◆ **ACTIVITY**
When you reach the line containing "Burly Tee in" in the entries below, please begin setting down lines exactly, stop only after the last one, and add nothing else.

◆ **Records excerpted from a collection**
=====

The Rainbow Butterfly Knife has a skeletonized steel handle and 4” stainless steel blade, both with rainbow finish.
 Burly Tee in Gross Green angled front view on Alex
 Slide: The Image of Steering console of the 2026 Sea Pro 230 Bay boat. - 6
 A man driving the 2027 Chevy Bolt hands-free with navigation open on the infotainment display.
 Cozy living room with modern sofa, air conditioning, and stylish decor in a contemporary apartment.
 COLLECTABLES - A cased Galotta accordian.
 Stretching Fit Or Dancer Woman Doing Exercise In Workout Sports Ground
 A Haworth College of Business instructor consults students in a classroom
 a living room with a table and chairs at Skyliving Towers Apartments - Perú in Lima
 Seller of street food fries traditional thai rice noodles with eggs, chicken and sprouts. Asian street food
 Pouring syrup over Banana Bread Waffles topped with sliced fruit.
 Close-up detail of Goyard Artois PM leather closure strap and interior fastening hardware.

=====

◆ **EXERCISE SOLUTION**
 Burly Tee in Gross Green angled front view on Alex
 Slide: The Image of Steering console of the 2026 Sea Pro 230 Bay boat. - 6
 A man driving the 2027 Chevy Bolt hands-free with navigation open on the infotainment display.
 Cozy living room with modern sofa, air conditioning, and stylish decor in a contemporary apartment.
 COLLECTABLES - A cased Galotta accordian.
 Stretching Fit Or Dancer Woman Doing Exercise In Workout Sports Ground
 A Haworth College of Business instructor consults students in a classroom
 a living room with a table and chairs at Skyliving Towers Apartments - Perú in Lima
 Seller of street food fries traditional thai rice noodles with eggs, chicken and sprouts. Asian street food
 Pouring syrup over Banana Bread Waffles topped with sliced fruit.
 Close-up detail of Goyard Artois PM leather closure strap and interior fastening hardware.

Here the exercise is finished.